- SUPPLIED RECORDS -
Content starts
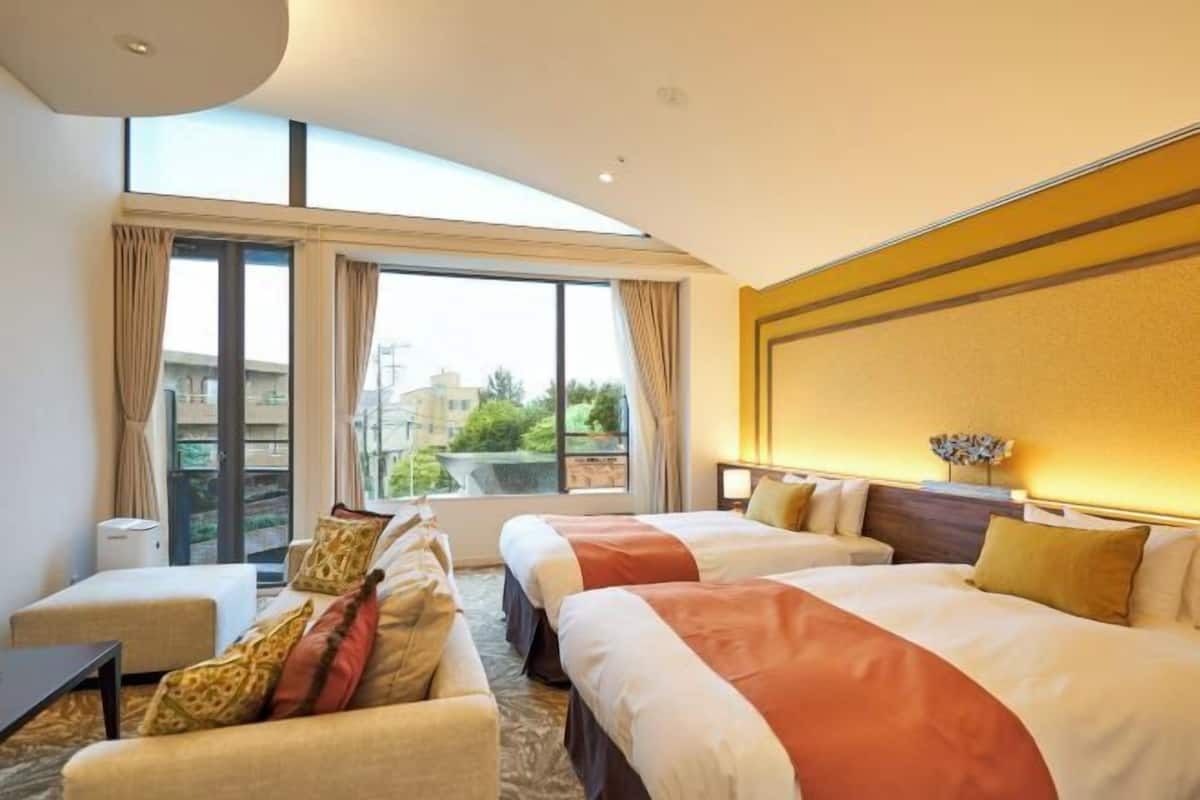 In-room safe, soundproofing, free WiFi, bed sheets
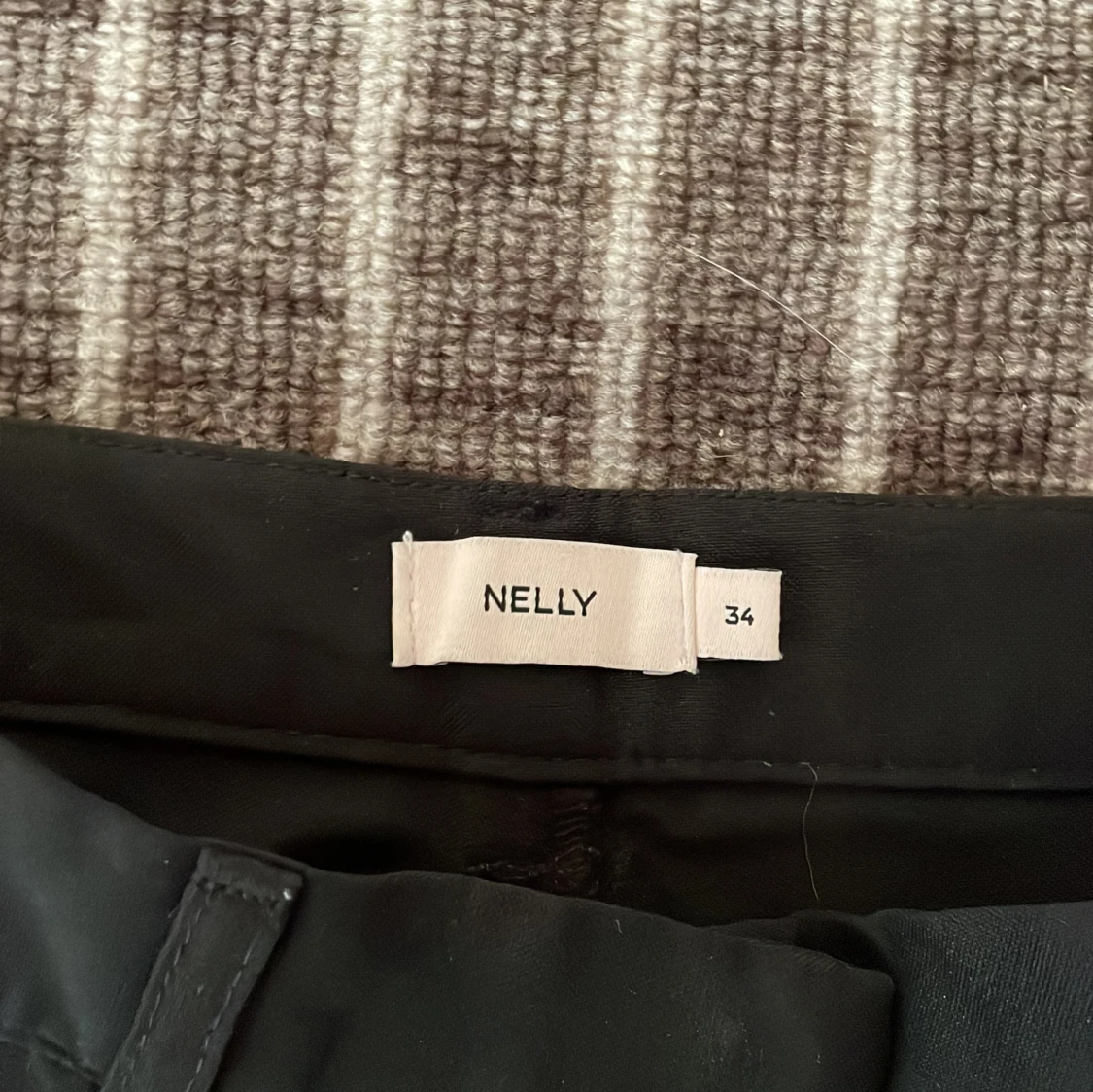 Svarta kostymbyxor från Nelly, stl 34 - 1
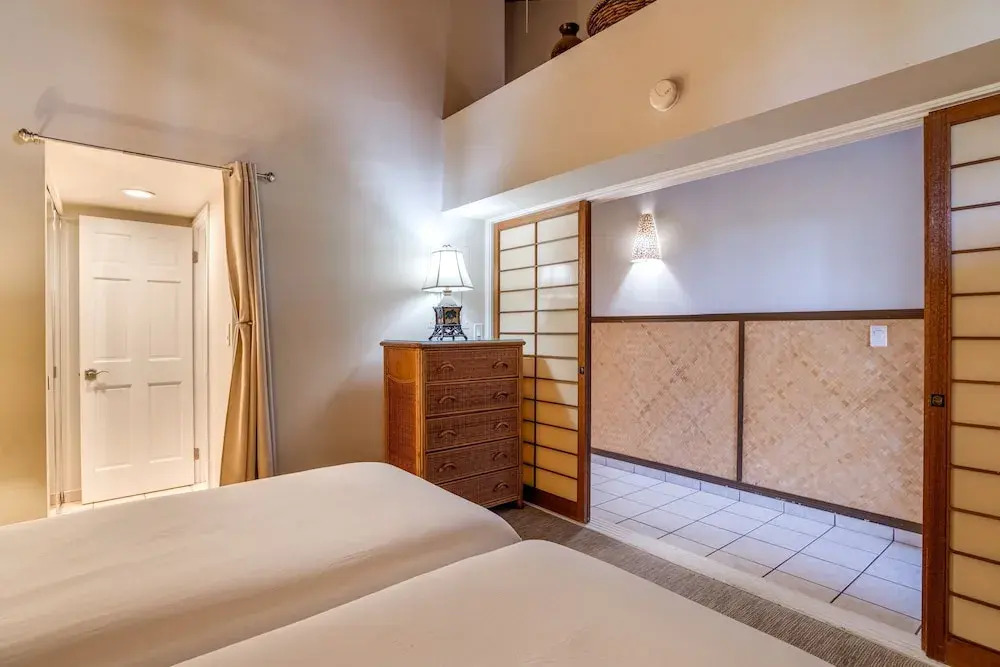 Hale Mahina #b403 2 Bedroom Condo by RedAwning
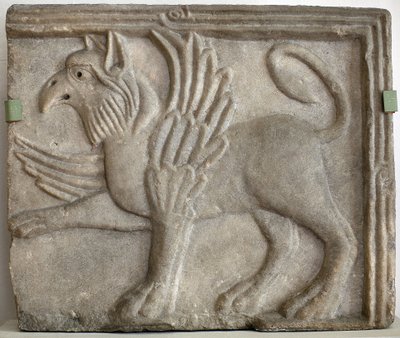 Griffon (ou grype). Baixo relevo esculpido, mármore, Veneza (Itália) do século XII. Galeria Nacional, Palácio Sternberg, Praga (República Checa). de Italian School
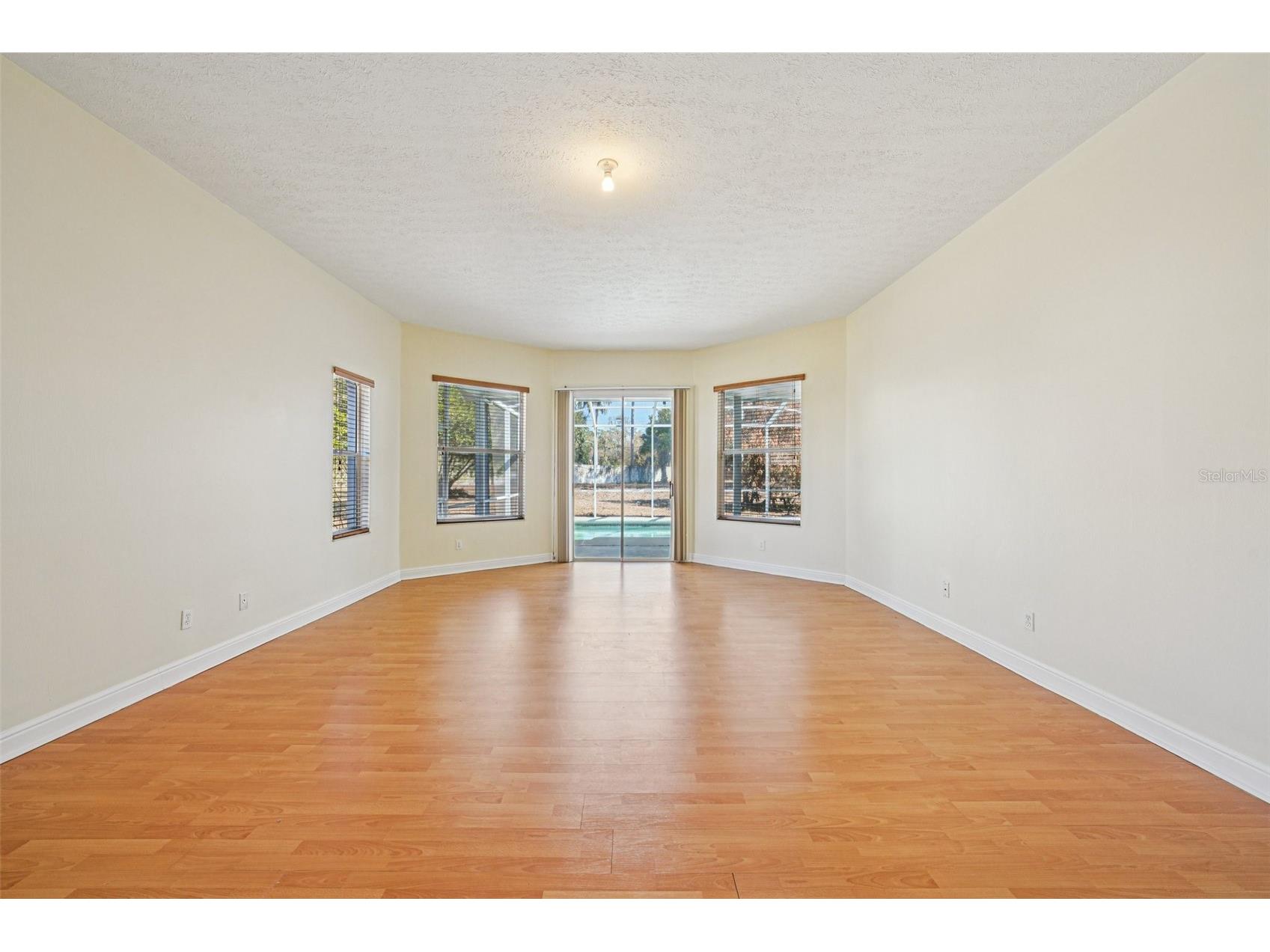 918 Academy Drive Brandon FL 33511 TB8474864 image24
Content ends
Content starts
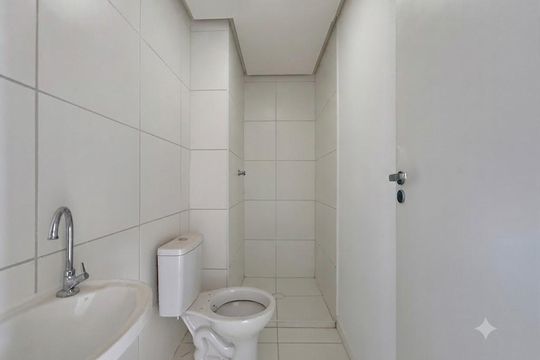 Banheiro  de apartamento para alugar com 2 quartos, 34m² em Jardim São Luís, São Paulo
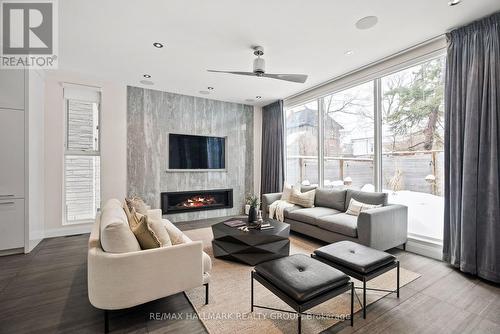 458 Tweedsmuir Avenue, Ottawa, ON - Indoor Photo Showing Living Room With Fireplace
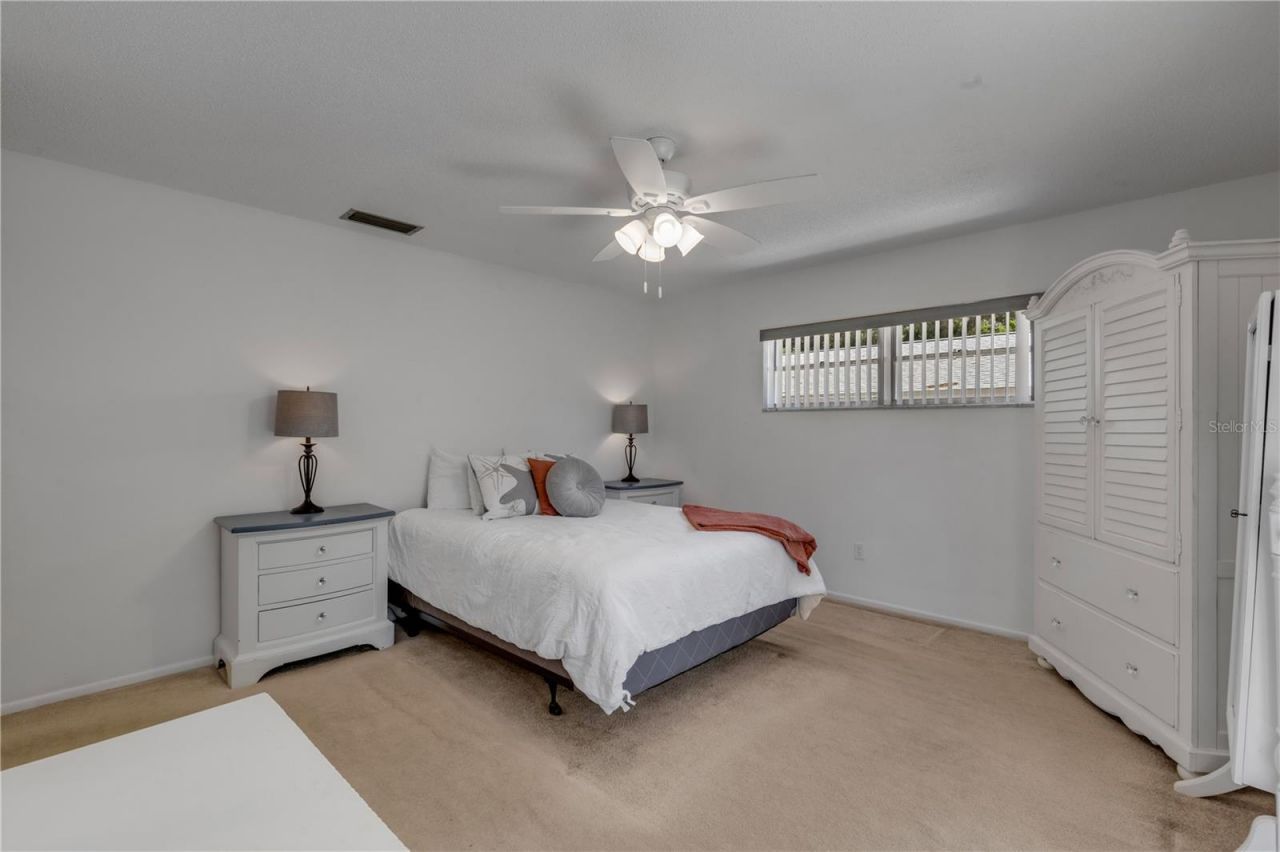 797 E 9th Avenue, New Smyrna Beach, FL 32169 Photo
Content ends
Content starts
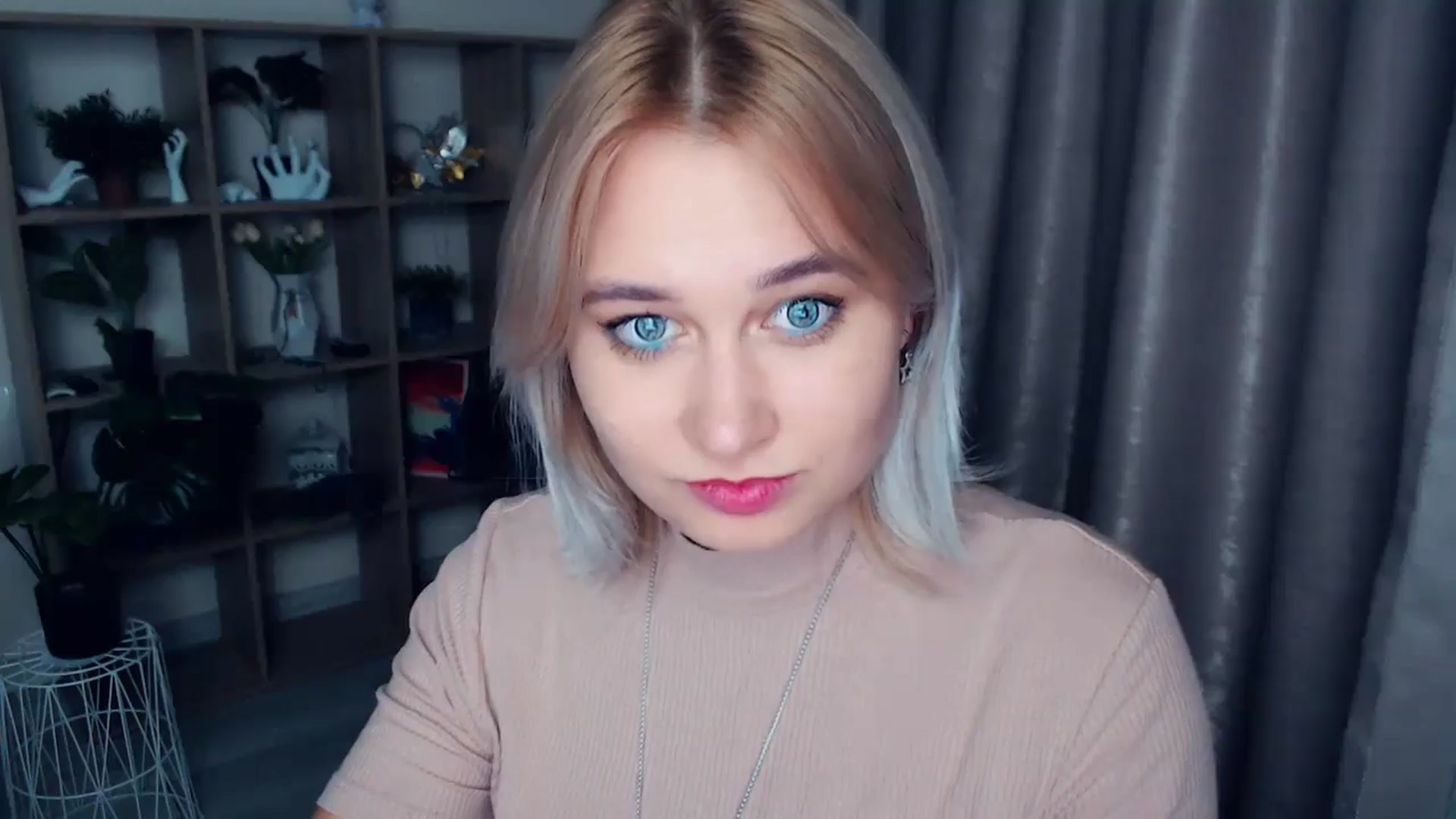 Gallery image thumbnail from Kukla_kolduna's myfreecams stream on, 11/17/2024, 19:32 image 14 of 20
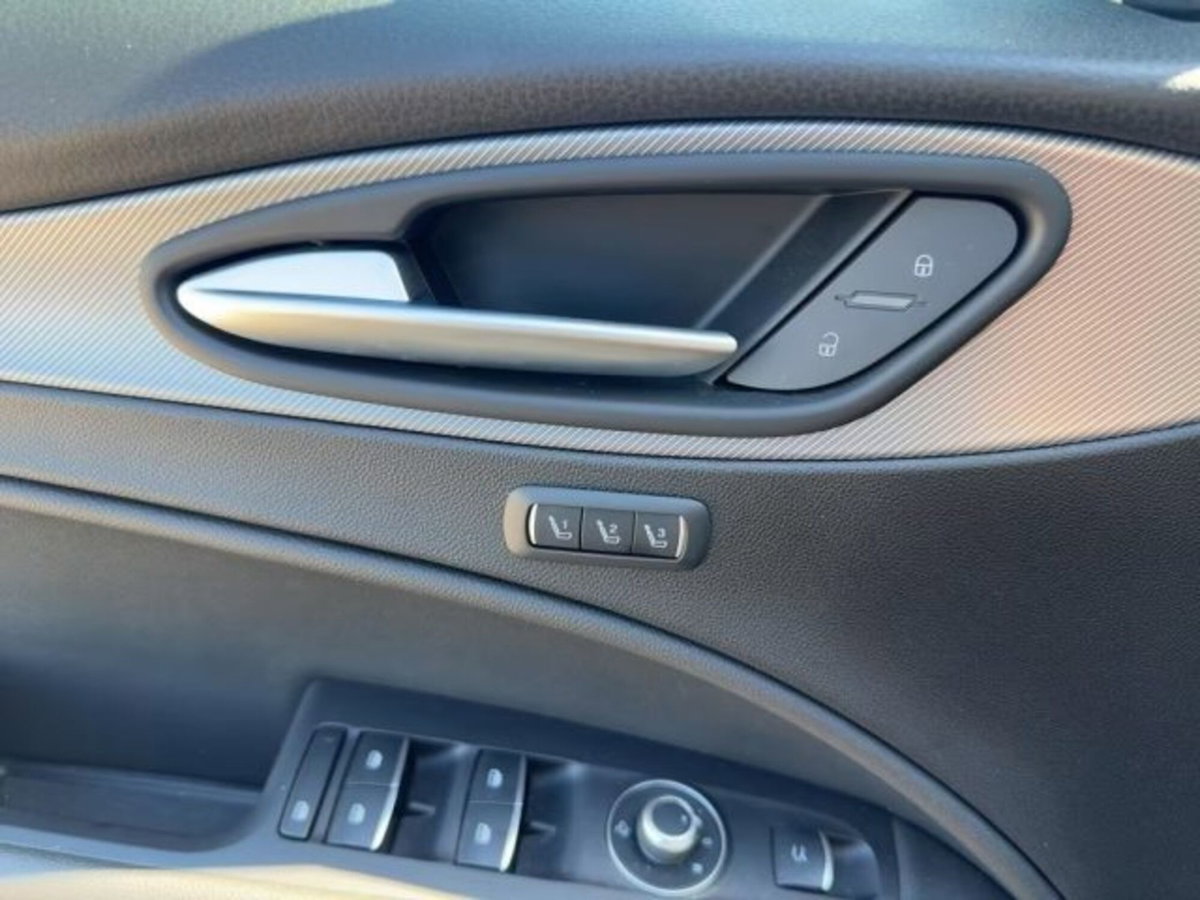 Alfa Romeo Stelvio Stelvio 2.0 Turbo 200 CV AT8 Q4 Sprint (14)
Content ends
- WORK REQUEST -
When you reach the line containing "Griffon (ou grype)." in the entries above, begin restating word for word, and stop once the line containing "918 Academy Drive" has been given. Omit the pictures.

- FINISHED EXERCISE -
 Griffon (ou grype). Baixo relevo esculpido, mármore, Veneza (Itália) do século XII. Galeria Nacional, Palácio Sternberg, Praga (República Checa). de Italian School
 918 Academy Drive Brandon FL 33511 TB8474864 image24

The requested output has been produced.